Without including any images, repeat the data exactly.

[[ Given data open ]]

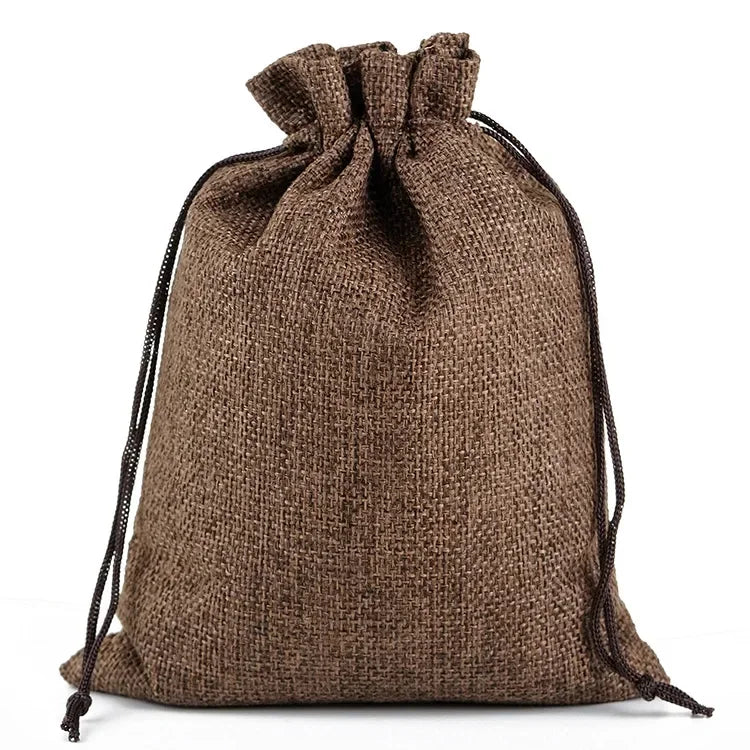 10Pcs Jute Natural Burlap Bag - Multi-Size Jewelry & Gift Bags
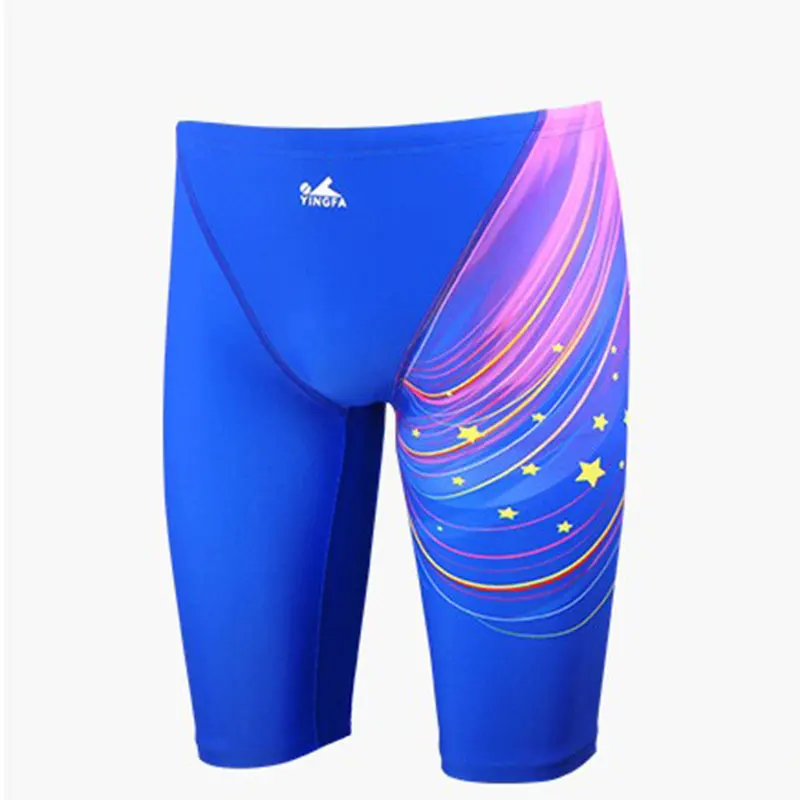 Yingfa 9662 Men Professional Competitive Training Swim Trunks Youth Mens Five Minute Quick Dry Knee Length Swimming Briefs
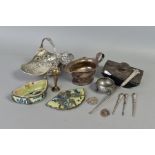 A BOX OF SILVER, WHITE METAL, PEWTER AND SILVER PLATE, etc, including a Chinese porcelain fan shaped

[[ Given data closed ]]

_Answer to this exercise:_
 10Pcs Jute Natural Burlap Bag - Multi-Size Jewelry & Gift Bags
 Yingfa 9662 Men Professional Competitive Training Swim Trunks Youth Mens Five Minute Quick Dry Knee Length Swimming Briefs
 A BOX OF SILVER, WHITE METAL, PEWTER AND SILVER PLATE, etc, including a Chinese porcelain fan shaped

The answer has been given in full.